EXERCISE DESCRIPTION:
Word for word, restate the entries below, but exclude the images.

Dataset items
=== Section Start ===
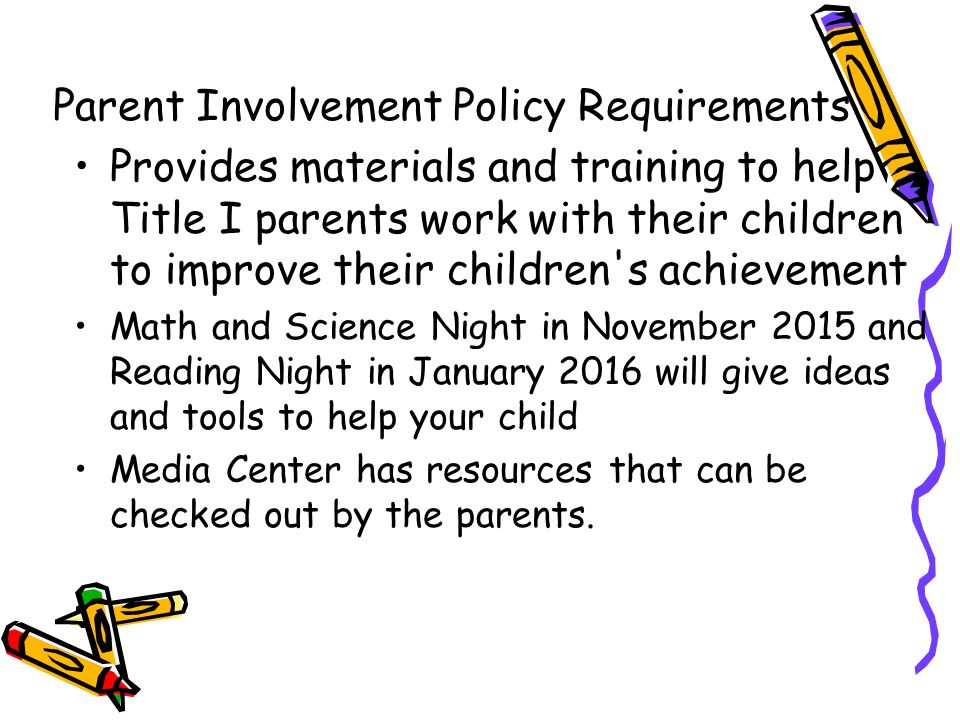 DRAFT Provides materials and training to help Title I parents work with their children to improve their children s achievement Math and Science Night in November 2015 and Reading Night in January 2016 will give ideas and tools to help your child Media Center has resources that can be checked out by the parents.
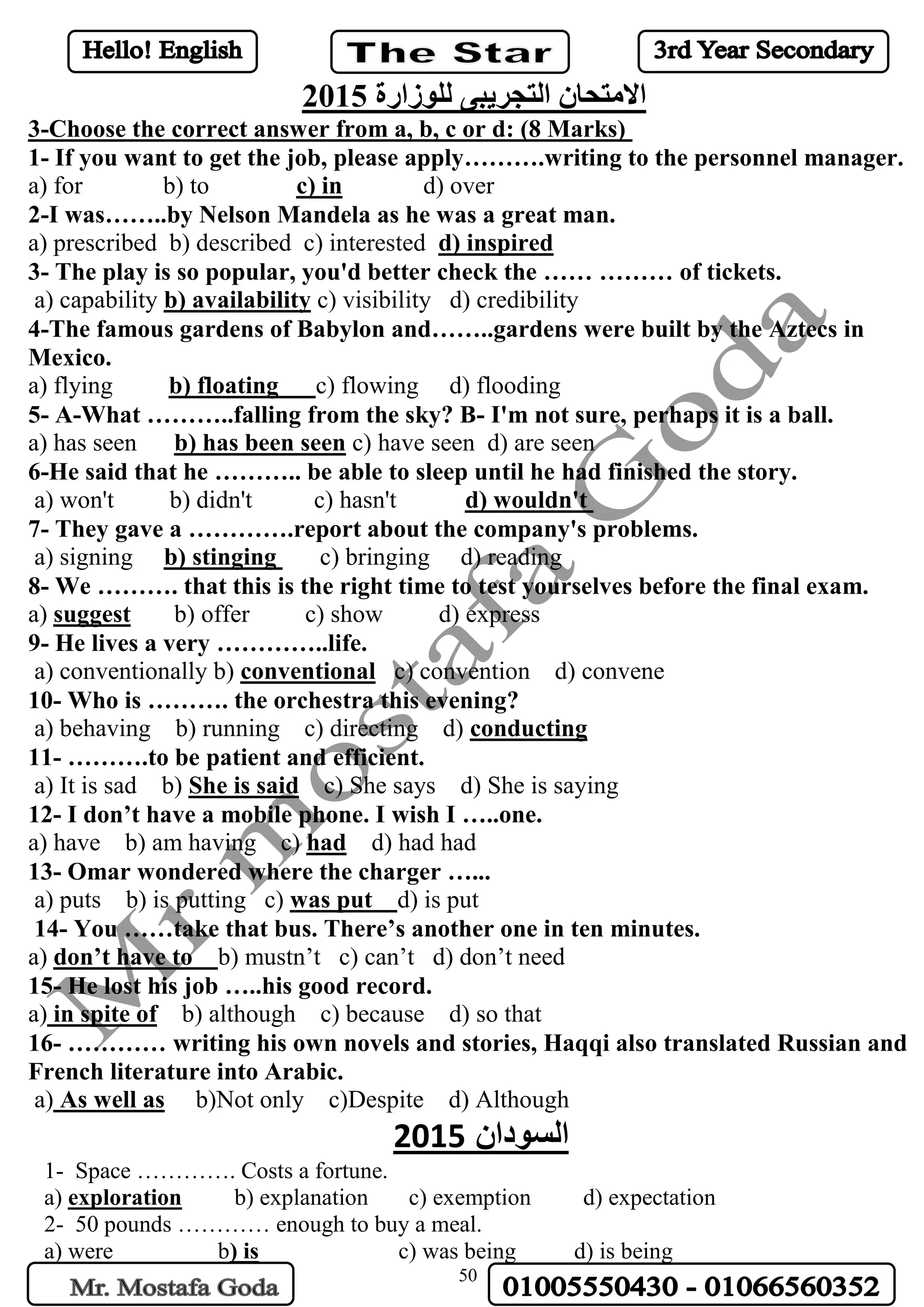 50
‫للوزارة‬ ‫التجريبى‬ ‫االمتحان‬2015
orrect answer from a, b, c or d: (8 Marks)Choose the c-3
1- If you want to get the job, please apply……….writing to the personnel manager.
d) overc) ina) for b) to
2-I was……..by Nelson Mandela as he was a great man.
d) inspiredd b) described c) interesteda) prescribe
3- The play is so popular, you'd better check the …… ……… of tickets.
c) visibility d) credibilityb) availabilitya) capability
4-The famous gardens of Babylon and……..gardens were built by the Aztecs in
Mexico.
c) flowing d) floodingb) floatinga) flying
5- A-What ………..falling from the sky? B- I'm not sure, perhaps it is a ball.
c) have seen d) are seenb) has been seena) has seen
6-He said that he ……….. be able to sleep until he had finished the story.
d) wouldn'ta) won't b) didn't c) hasn't
7- They gave a ………….report about the company's problems.
c) bringing d) readingb) stinginga) signing
8- We ………. that this is the right time to test yourselves before the final exam.
b) offer c) show d) expresssuggesta)
9- He lives a very …………..life.
c) convention d) conveneconventionala) conventionally b)
10- Who is ………. the orchestra this evening?
conductingb) running c) directing d)a) behaving
11- ……….to be patient and efficient.
c) She says d) She is sayingShe is saida) It is sad b)
12- I don’t have a mobile phone. I wish I …..one.
d) had hadhada) have b) am having c)
13- Omar wondered where the charger …...
d) is putwas puta) puts b) is putting c)
14- You ……take that bus. There’s another one in ten minutes.
b) mustn’t c) can’t d) don’t needdon’t have toa)
15- He lost his job …..his good record.
b) although c) because d) so thatspite ofina)
16- ………… writing his own novels and stories, Haqqi also translated Russian and
French literature into Arabic.
b)Not only c)Despite d) AlthoughAs well asa)
‫السودان‬2015
1- Space …………. Costs a fortune.
a) exploration b) explanation c) exemption d) expectation
2- 50 pounds ………… enough to buy a meal.
a) were b) is c) was being d) is being
 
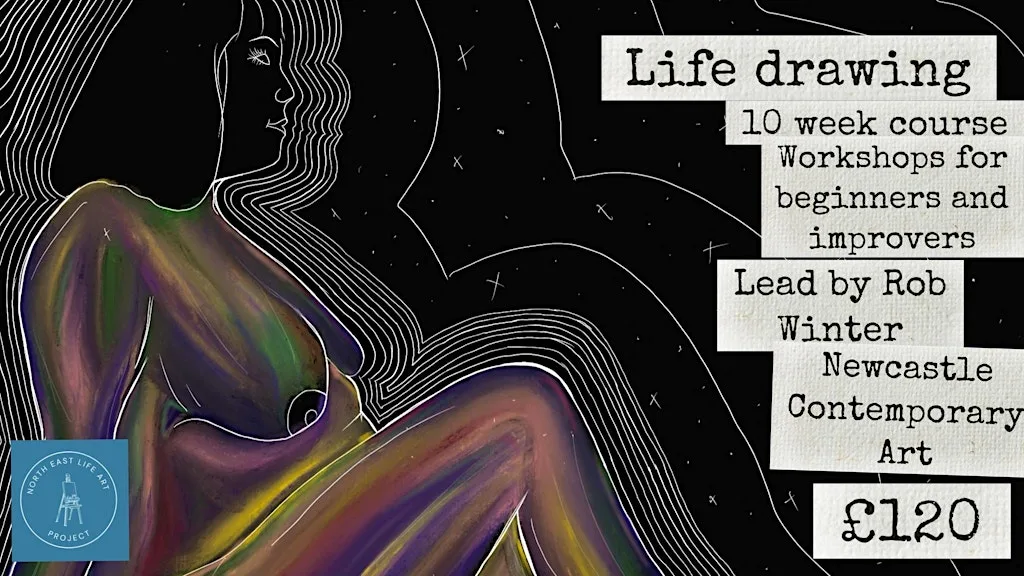 10 week life drawing course @ Newcastle Contemporary Art at Newcastle Contemporary Art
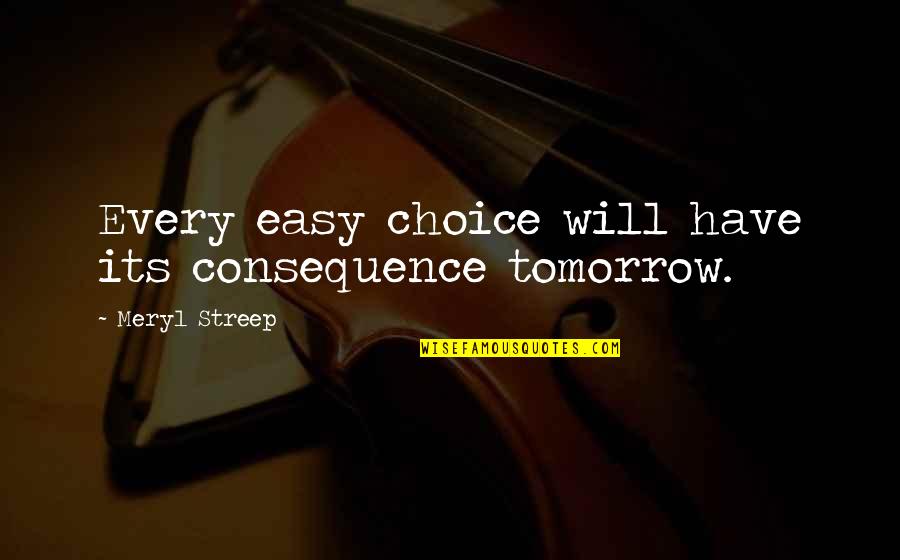 Diminutives For Miguel Quotes By Meryl Streep: Every easy choice will have its consequence tomorrow. Diminutives For Miguel Quotes By Meryl Streep: Every easy choice will have its consequence tomorrow.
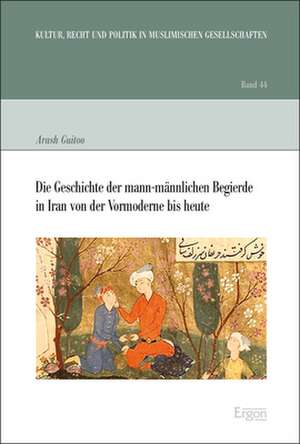 Die Geschichte der mann-männlichen Begierde in Iran von der Vormoderne bis heute de Arash Guitoo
=== Section End ===
COMPLETED TASK:
 DRAFT Provides materials and training to help Title I parents work with their children to improve their children s achievement Math and Science Night in November 2015 and Reading Night in January 2016 will give ideas and tools to help your child Media Center has resources that can be checked out by the parents.
 50
‫للوزارة‬ ‫التجريبى‬ ‫االمتحان‬2015
orrect answer from a, b, c or d: (8 Marks)Choose the c-3
1- If you want to get the job, please apply……….writing to the personnel manager.
d) overc) ina) for b) to
2-I was……..by Nelson Mandela as he was a great man.
d) inspiredd b) described c) interesteda) prescribe
3- The play is so popular, you'd better check the …… ……… of tickets.
c) visibility d) credibilityb) availabilitya) capability
4-The famous gardens of Babylon and……..gardens were built by the Aztecs in
Mexico.
c) flowing d) floodingb) floatinga) flying
5- A-What ………..falling from the sky? B- I'm not sure, perhaps it is a ball.
c) have seen d) are seenb) has been seena) has seen
6-He said that he ……….. be able to sleep until he had finished the story.
d) wouldn'ta) won't b) didn't c) hasn't
7- They gave a ………….report about the company's problems.
c) bringing d) readingb) stinginga) signing
8- We ………. that this is the right time to test yourselves before the final exam.
b) offer c) show d) expresssuggesta)
9- He lives a very …………..life.
c) convention d) conveneconventionala) conventionally b)
10- Who is ………. the orchestra this evening?
conductingb) running c) directing d)a) behaving
11- ……….to be patient and efficient.
c) She says d) She is sayingShe is saida) It is sad b)
12- I don’t have a mobile phone. I wish I …..one.
d) had hadhada) have b) am having c)
13- Omar wondered where the charger …...
d) is putwas puta) puts b) is putting c)
14- You ……take that bus. There’s another one in ten minutes.
b) mustn’t c) can’t d) don’t needdon’t have toa)
15- He lost his job …..his good record.
b) although c) because d) so thatspite ofina)
16- ………… writing his own novels and stories, Haqqi also translated Russian and
French literature into Arabic.
b)Not only c)Despite d) AlthoughAs well asa)
‫السودان‬2015
1- Space …………. Costs a fortune.
a) exploration b) explanation c) exemption d) expectation
2- 50 pounds ………… enough to buy a meal.
a) were b) is c) was being d) is being
 
 10 week life drawing course @ Newcastle Contemporary Art at Newcastle Contemporary Art
 Diminutives For Miguel Quotes By Meryl Streep: Every easy choice will have its consequence tomorrow. Diminutives For Miguel Quotes By Meryl Streep: Every easy choice will have its consequence tomorrow.
 Die Geschichte der mann-männlichen Begierde in Iran von der Vormoderne bis heute de Arash Guitoo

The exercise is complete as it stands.